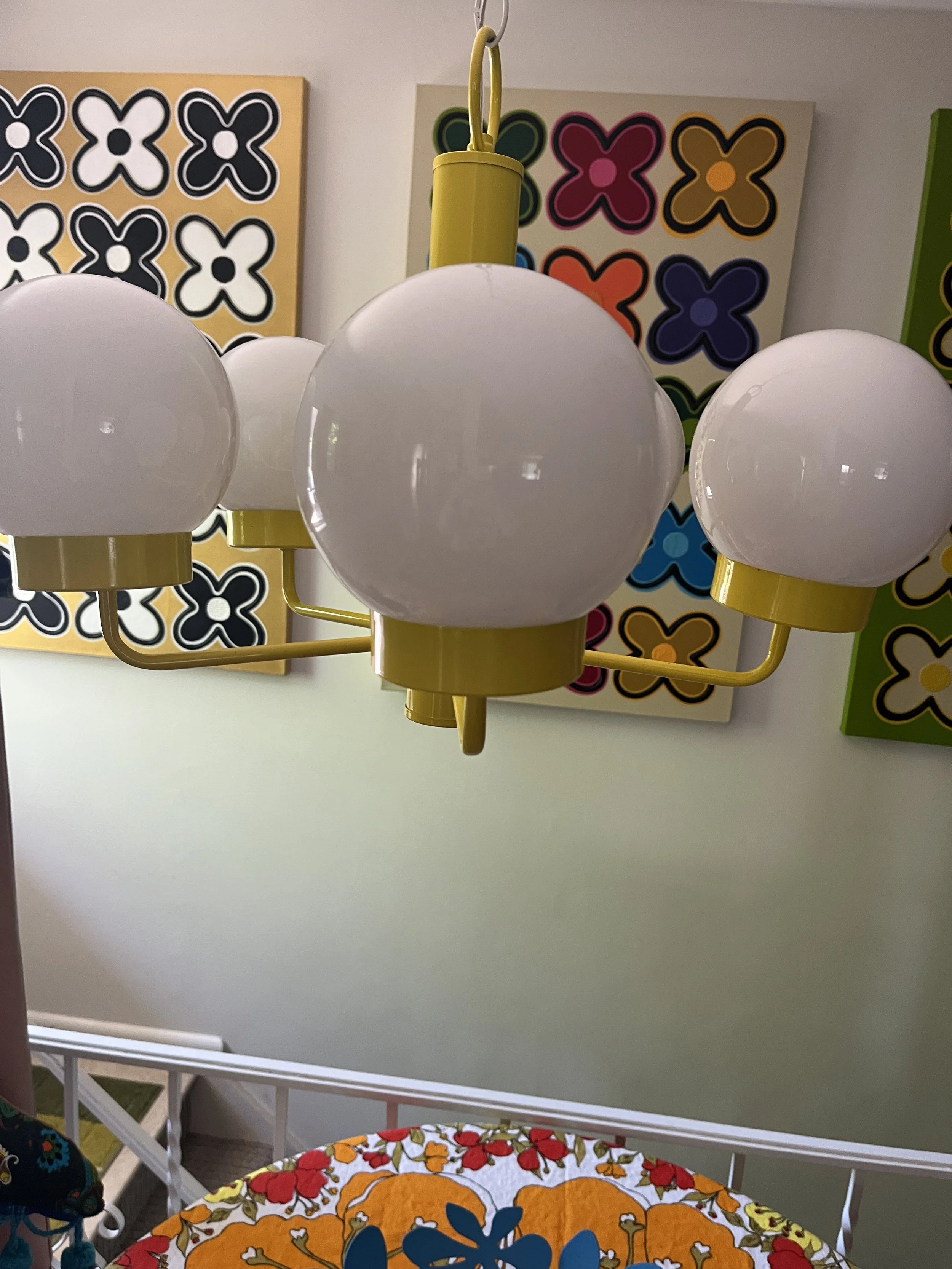 Close-up of glossy white spherical glass globe and canary yellow metal fittings on a restored vintage chandelier.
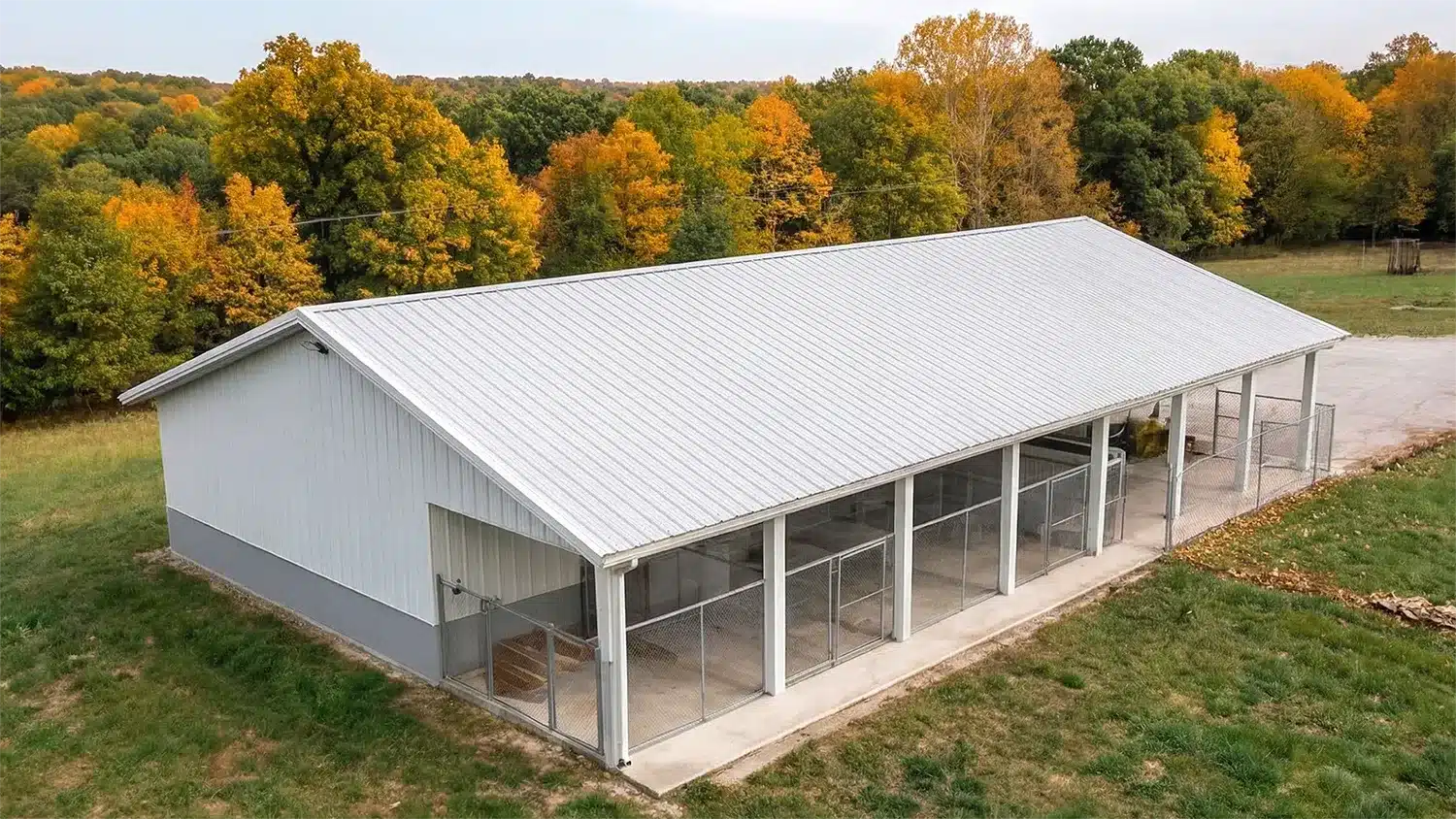 60x42 custom metal barn in Kingston, Ontario with a view of autumn trees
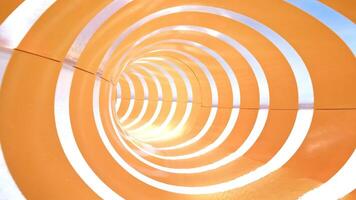 Water flows into a vibrant orange and white waterslide, creating a lively scene at an amusement park on a sunny day video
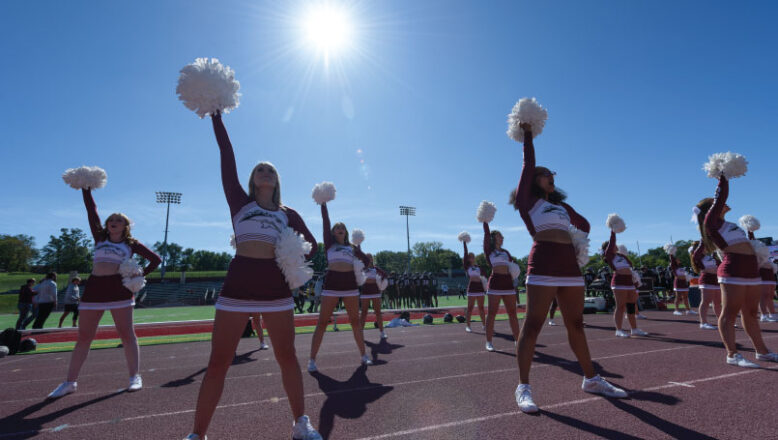 cheerleaders at the football stadium
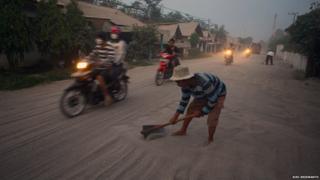 Man clears a road covered in ash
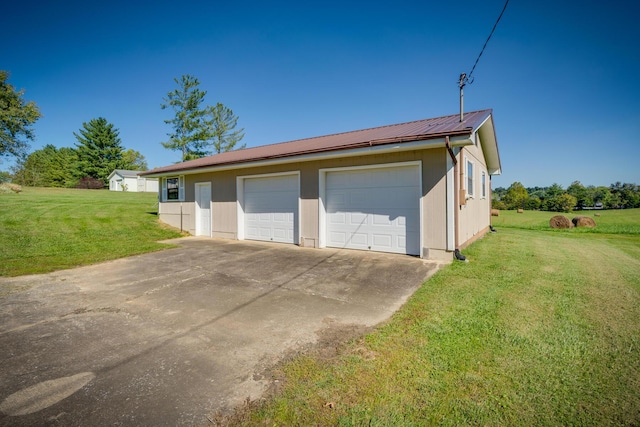 garage featuring a lawn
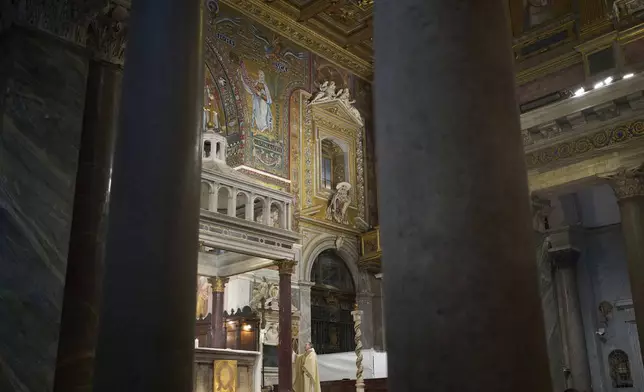 Father Francesco Tedeschi celebrates a mass in Santa Maria in Trastevere church in central Rome, Sunday, May 4, 2025. (AP Photo/Alessandra Tarantino)
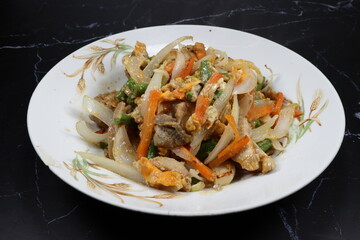 Fried and stirred sliced chicken with shredded carrot, onion and green bean serving on the plate. Famous clean and healthy menu in Asian restaurant. 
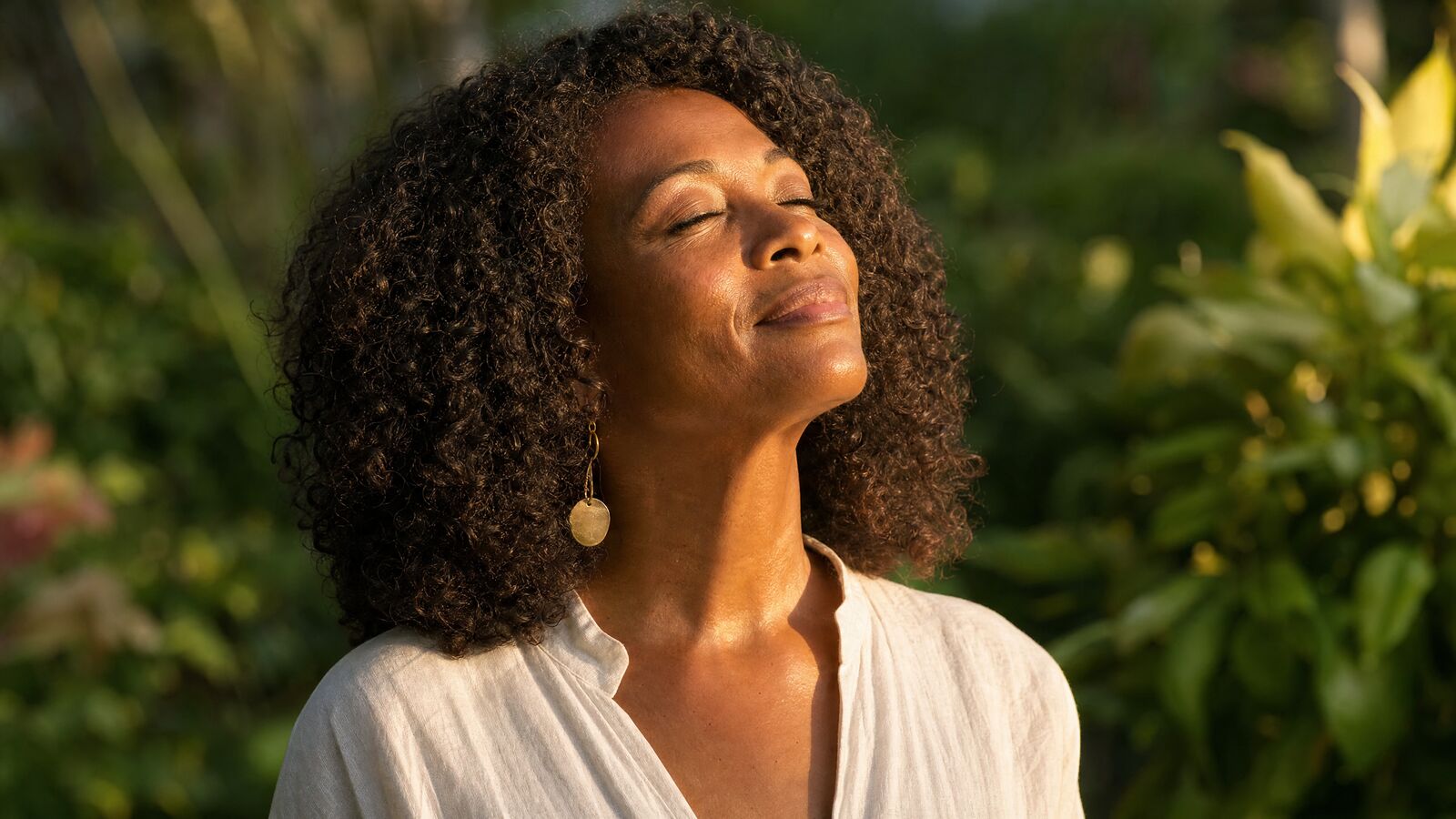 Woman with eyes closed, face tilted to warm sunlight in a green garden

================================

Exercise: In the listing above, find the line with "cheerleaders at the football stadium" and the line with "Father Francesco Tedeschi". Set down exactly those lines and everything between them, skipping pictures.

Expected answer:
 cheerleaders at the football stadium
 Man clears a road covered in ash
 garage featuring a lawn
 Father Francesco Tedeschi celebrates a mass in Santa Maria in Trastevere church in central Rome, Sunday, May 4, 2025. (AP Photo/Alessandra Tarantino)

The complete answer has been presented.